ANAHTAR KELİMELER: Keşif, kayıp, doğa, çevre koruma, taş
KIPIR KIPIR DÜŞÜNCELER
Hikâyenin başında Zee’nin karşılaştığı ilk zorluk nedir? Bu zorluk onun nasıl hissetmesine neden oluyor?
Zee’nin yaşadığı ülke Meer'de hangi kurallar var ve Zee hangi kuralı çiğniyor? Bu kuralın neden önemli olduğunu düşünüyorsun?
Zee’nin taşını kaybetmesi nasıl bir dönüm noktası oluşturuyor? Bu kayıp onun yaşamını nasıl etkiliyor?
Bu hikâyede kaç tane deniz canlısı sayabilirsin?
Zee’nin kara insanlarıyla etkileşiminin önemini anlatabilir misin? Bu etkileşimde neler öğrenmiş olabilir?

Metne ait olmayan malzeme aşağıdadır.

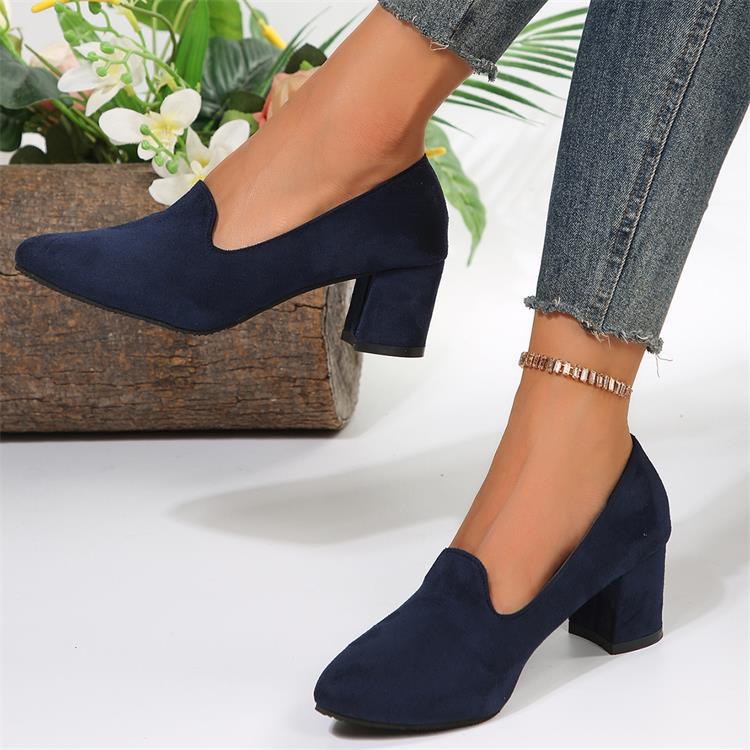 Women's Plus Size Suede High Autumn Chunky Casual Shoes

Zee’nin yaşadığı deneyimler onun karakterini nasıl şekillendiriyor? Sence bu deneyimler ona ne öğretiyor?
Zee, öykünün sonunda neye karar veriyor? Bu kararı hakkında ne düşünüyorsun? Sen olsan aynı kararı verir miydin?
KIPIRDATAN ETKİNLİKLER:
Deniz Küpü: Renkli karton kutu, karton veya kâğıttan bir küp oluştur. Etrafındaki dergi veya gazeteleri araştır. Bakalım deniz canlıları ve bitkilerine rastlayabilecek misin? Deniz ve deniz canlıları ile ilgili bulduğun resimleri kes. İstersen deniz canlıları ve bitkilerini küpün içine yerleştir ve arka planı deniz manzarası olarak tasvir ederek deniz sahnesini oluştur. İstersen küpünün etrafını deniz canlıları ile süsle. Seçim sana kalmış.
Taş Yapımı: Renkli oyun hamuru veya kil ile Zee’nin kaybettiği taşın benzerini oluşturmaya ne dersin? Haydi sen de hamurdan veya kilden taşlarını şekillendir ve süsle. Kendi özel taşını oluştur. Sen taşını ne amaçla kullanacaksın? Taşının hangi özel güçleri olabilir?
Deniz Canlıları Boyama: Deniz canlıları dünyasını keşfetmeye ne dersin? Haydi şimdi keşfe çık. Büyüklerinden deniz canlıları boyama sayfaları iste. Bu resimleri boyayarak kendi denizaltı dünyanı renklendir.
Taş Boyama: Haydi deniz kenarından taşlar topla. Zee ve arkadaşlarının dünyasını hayal et. Zee'nin dünyasından hayal ettiğin dilediğin deniz canlısını topladığın taşlara resmet.
Hayal gücünüze sağlık. Çok güzel bir öykü olmuş.
Ayrıca resimlerdeki ayrıntılar çokkkkk güzel.
Sevgili Betül, kalemine sağlık, bu deniz altındaki ülkeyi çok merak ettim.))) Ayrıca etkinlikler de gerçekten çok iyi tasarlanmış, arkadaşımızın emeğine sağlık.